Setzt Wildplastic also überhaupt an der richtigen Stelle an?

„Recycling ist nicht die Wunderlösung“, gibt Mähler zu. Das Problem sei auf jeden Fall die große Müllmenge, die die Menschheit produziert. Aber: „Mit den fünf Milliarden Tonnen Plastikmüll, die heute schon in der Umwelt herumliegen, muss man ja auch was machen.“

Wildplastic: Müllbeutel aus recyceltem Plastikmüll
Der Einsatz von Recycling-Plastik hilft nicht nur, die Umwelt aufzuräumen, sondern auch Neuplastik zu sparen. (Foto: © WILDPLASTIC)

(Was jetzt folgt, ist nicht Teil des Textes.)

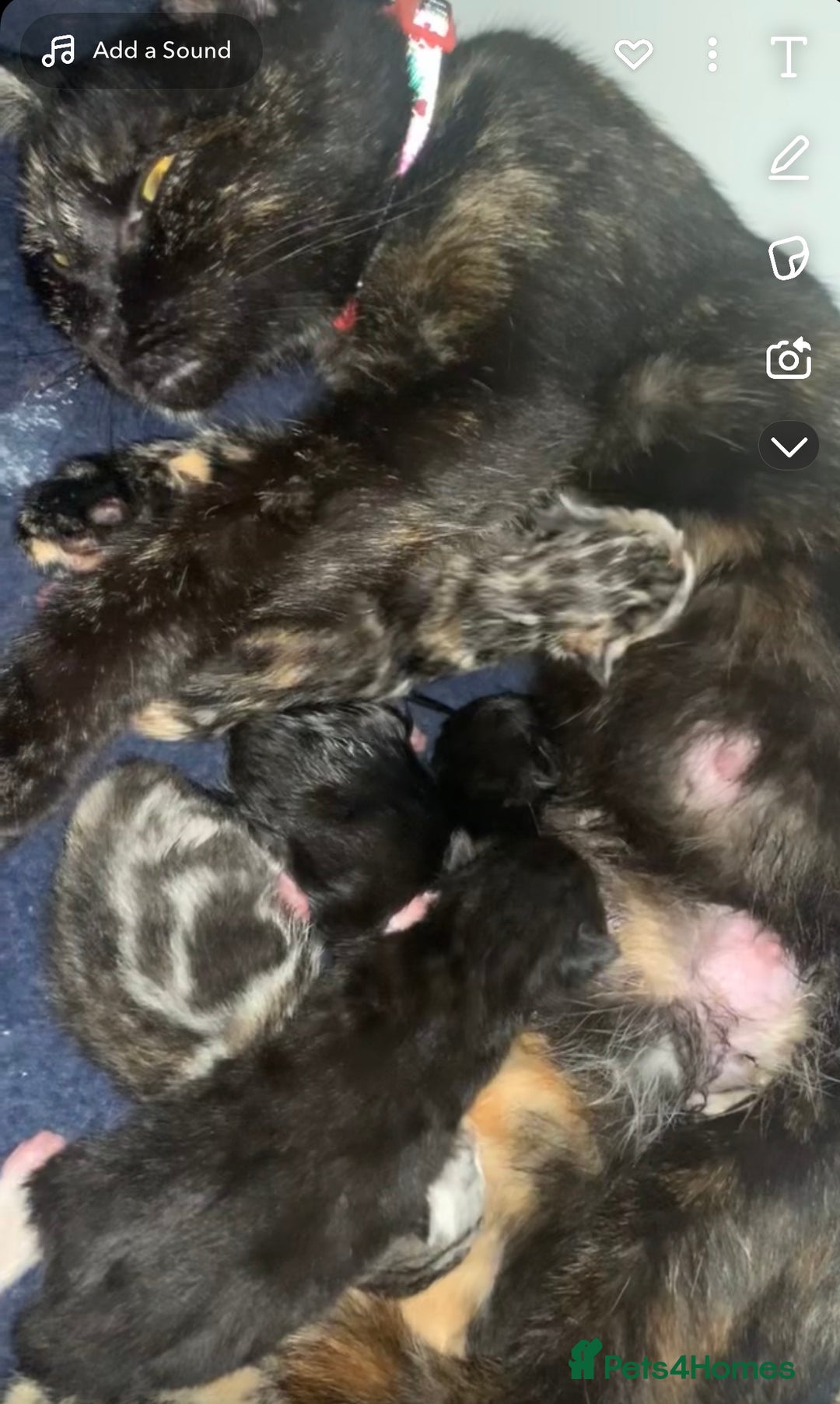 Mixed Breed cats for sale: Female kitten left - Advert 2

Während Europa es sich leisten kann, seinen Plastikmüll zu exportieren – allein im Jahr 2020 rund eine Million Tonnen – fehlt vor allem in vielen Ländern des globalen Südens die Infrastruktur für Entsorgung und Recycling. Hier Plastik wieder zu einem Wertstoff zu machen und so dafür zu sorgen, dass weniger Müll die Umwelt belastet, ist ein wichtiges Vorhaben.

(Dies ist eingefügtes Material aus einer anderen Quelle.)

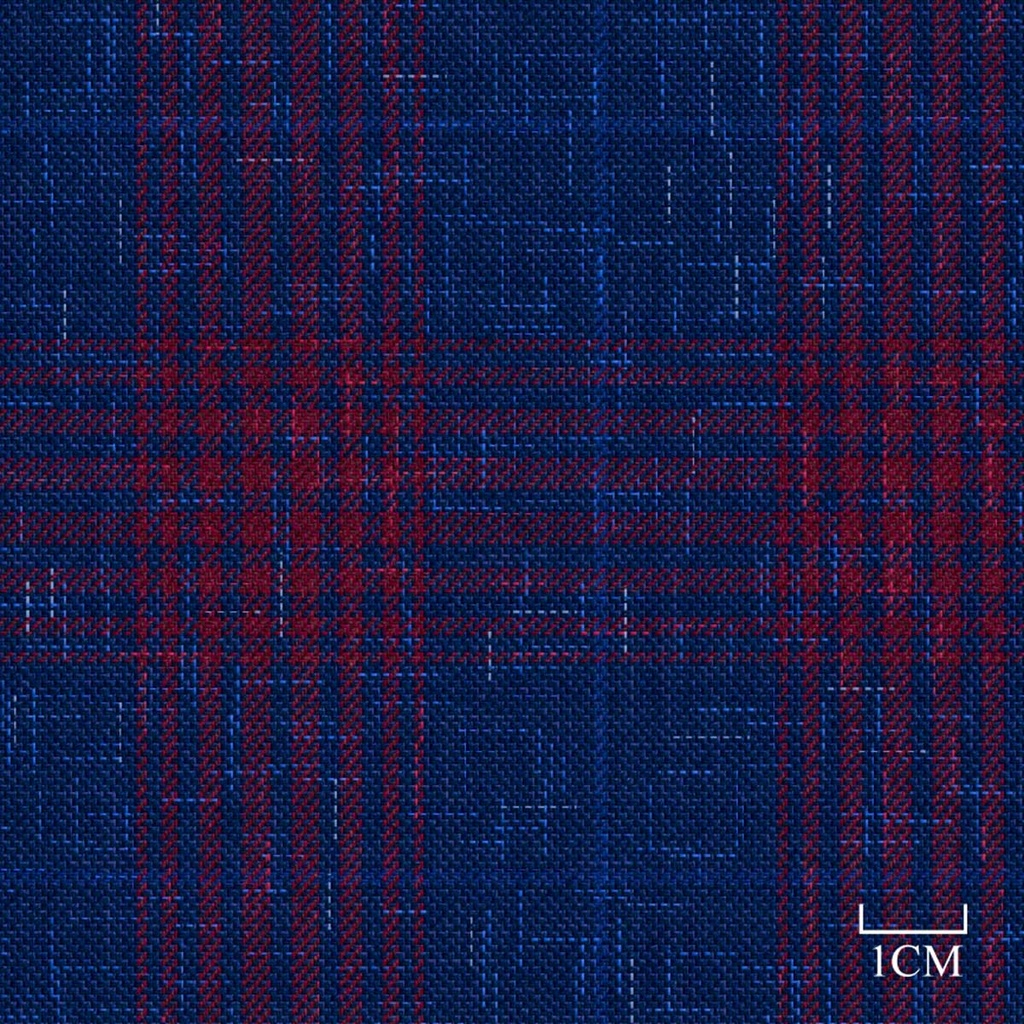 BLUE, RED CHECKS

Dass Müll aufzusammeln am Ende nicht die Lösung sein wird, ist den Unternehmer:innen von Wildplastic klar – alleine schon, weil Sammlung und Recycling viel teurer ist, als den Müll von Vornherein zu vermeiden.

Mähler glaubt daher:

„Es braucht noch sehr viel mehr politisches Handeln. Wenn man die Plastikkrise wirklich flächendeckend lösen möchte, wird das nur mit einem internationalen Abkommen gehen. Es bräuchte sowas wie das Pariser Klimaabkommen für Müll.“

Wildplastic will trotzdem heute schon zeigen, dass es möglich ist, etwas zu verändern: Man kann Plastik zu fairen Bedingungen kaufen, stabile Handelsbeziehungen aufbauen, Plastik einen unternehmerischen Wert geben. Und dabei der Umwelt und den Menschen vor Ort helfen. „Was wir tun, bewirkt etwas.“

Utopia meint: In einer idealen Welt bräuchte es Unternehmen wie Wildplastic nicht. Denn theoretisch ist für die Umwelt Plastikvermeidung immer noch besser als Plastik zu recyceln. Praktisch und gegenwärtig aber sind neue Lösungen für die Plastikkrise dringend nötig. Darum ist es schlau, dass Wildplastic gleich an zwei Punkten ansetzt. Es ist wichtig, Müll aus der Umwelt zu entfernen bzw. zu verhindern, dass er dort landet. Plastik zu recyceln und damit zu vermeiden, dass für Neuplastik klimaschädliches Erdöl und -gas verarbeitet werden muss, ist ebenso wichtig.